Monday is Labour Day.

Or the long weekend straight after Anzac Day that you never quite take enough advantage of. 

I remember as a kid wishing that the public holidays were more spaced out.

It's caught us unaware, to be frank, although what a welcome little bonus it is.
Double bonus is that we are child free tonight. Lush!

I have been dabbling a little in family history of late, with regular visits to my parents and contact with a - well, her father and my mother were cousins, so that would make me - what, third cousins?

In the exchange of new information from both sides, understanding of what has happened in the past makes you realise that documenting of things tell the stories that make history.

I have, through my own hoarding through the phases of my life, plastic boxes of writing and paperwork and filing and photos and projects that I am going to get around to one day.

When I have nothing better to do. Long weekend possibilities.

I have learned many things this week, including something that would have devastated - or delighted - my grandmother, revisited another family secret that has so many layers. 

I have also remet through my third cousin one Christmas of my childhood.

The Sunshine Coast in the Seventies was an event for us, and a week at Christmas very much anticipated.

School holidays were impossibly long, with 2 months of nothing to do (if you were a City Mouse) - or first needles, Christmas, branding, school shopping, covering books and naming clothes if you came from the bush.

So Christmas at the Sunshine Coast in the Seventies was a spectacular highlight of my childhood.

I do recall - correctly or otherwise - we were inadequately catered to carwise for the trip, having a sedan and three kids going away for a week at Christmas.

Add to that Summertime heat, pre-air-conditioning, gravel roads, roadworks...

These days, this trip would take quite a comfortable maybe half-day with stops? Then? It felt like weeks.

Again, I might need to check Dad's diary but I do believe that that particular road trip that day was that sedan's last - and our saviours that day were my mother's cousin and his family.

See, we knew that we were going to meet them that holidays - but not like this.

We had imagined well thought out outfits and good rest prior - as, no doubt did my parents - not hot, sweaty, untangling our legs from detritus and overcoming car sickness.

Looking back through the lens of time, my mother's cousin's wife - my third cousin's mother - was probably pretty upset that her quiet evening at home with her own little family before the craziness of hosting a huge family Christmas - especially when the crazy family mainly belongs to your crazy husband's side - was rudely interrupted by the influx of an additional two adults and three children around your dinner table.

They had a trampoline. There were boy cousins my age! I didn't know cousins came in boy! We didn't have that many cousins at that point and my age and above were all girls.

My third cousin was the oldest of the whole generation. She had long hair and was a proper teenager. We were in awe.

This was the Christmas of the tree.

Several days - and swims and adventures involving shops and/or ice cream and/or cars and/or tyres and/or feasts - later, we went to their place for the Christmas feast.

I remember someone got a slot cars game. I remember that the pool table was converted to being a dining table as there were so many there.

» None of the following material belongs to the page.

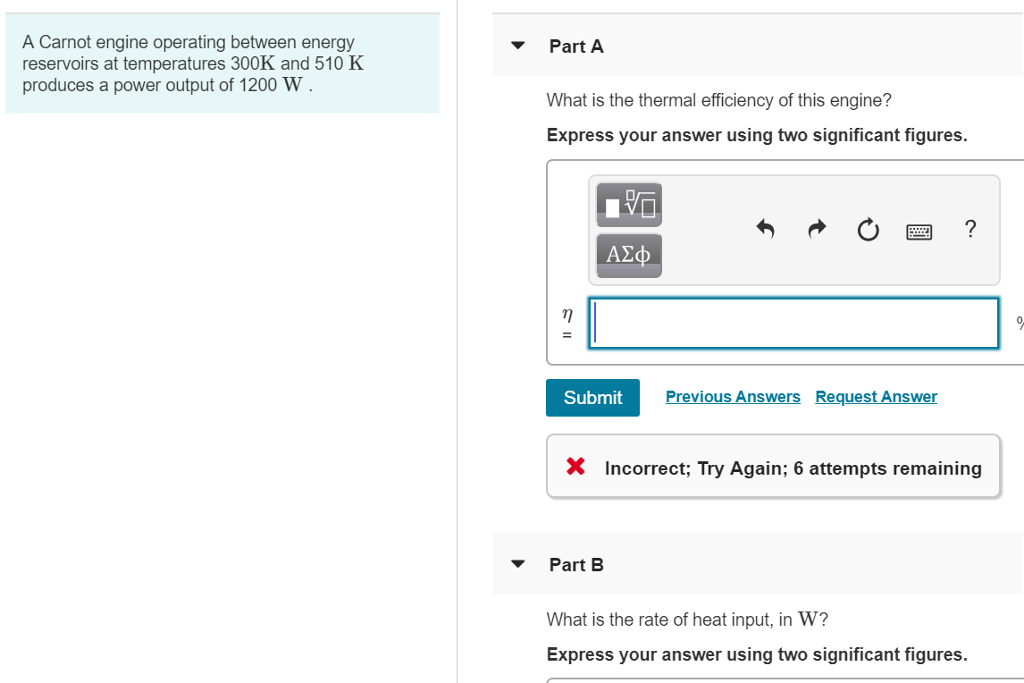 Solved A Carnot engine operating between energy reservoirs | Chegg.com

But I mainly remember the four cousins. Or four third cousins.

The sophisticated teenager. The 2 boys. And the to die-for cute toddler who wanted to be with us all. 

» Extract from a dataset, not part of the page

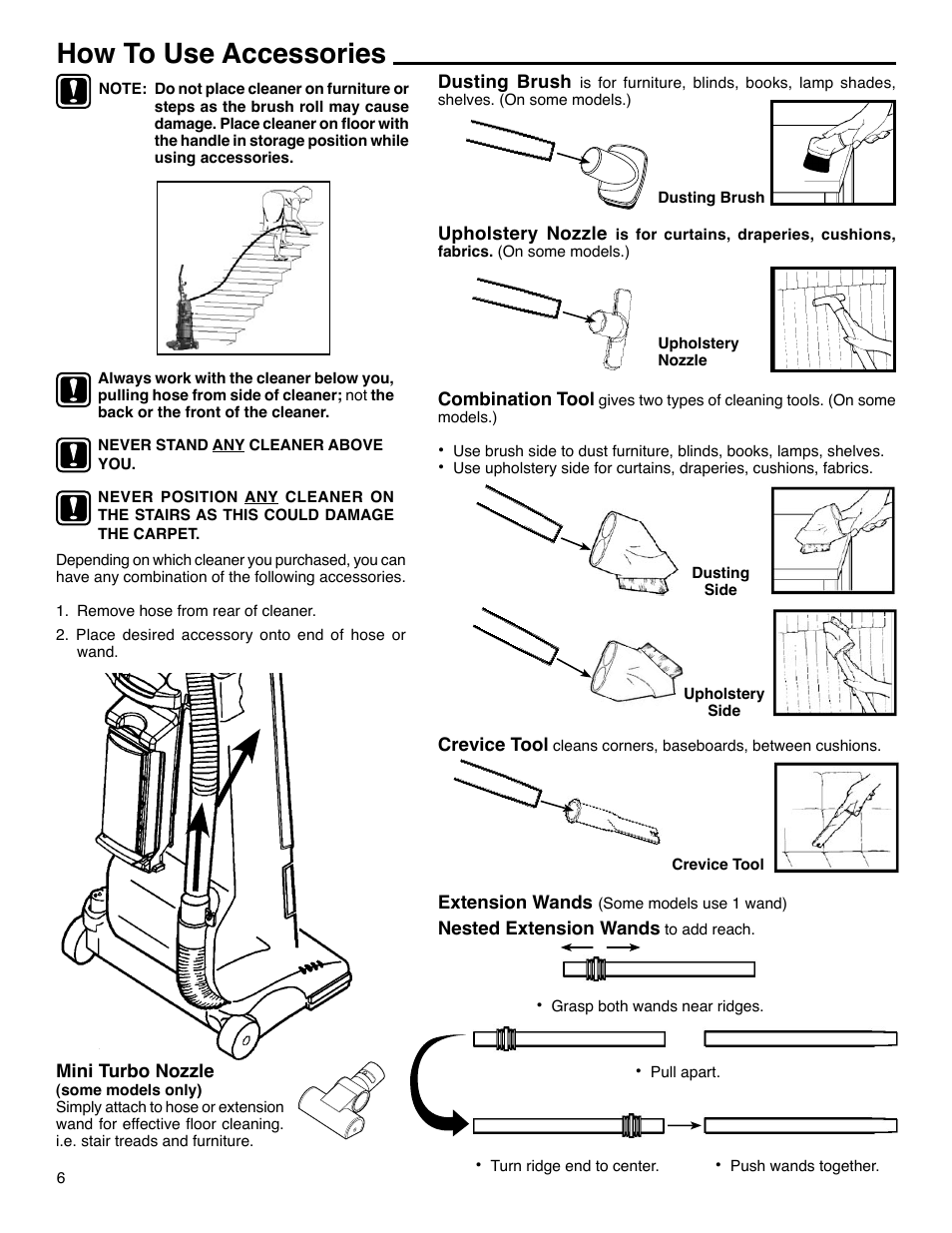 How to use accessories | Eureka 4390 Series User Manual | Page 6 / 11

So yes, ready for the long weekend. 

In between the mowing and the reclaiming daughter from being a modern teenager. And cooking.


2 comments:

Kelly said...

All the first, third, once removed business is most easily understood on paper. Third cousins would have great-grandparents who were siblings. Enjoy your long weekend!

jeanie said...

Thank you Kelly! Third it is then - although the great-grandparents weren't that great (especially as parents) but the great-great-aunts were definitely worthy of the double greats!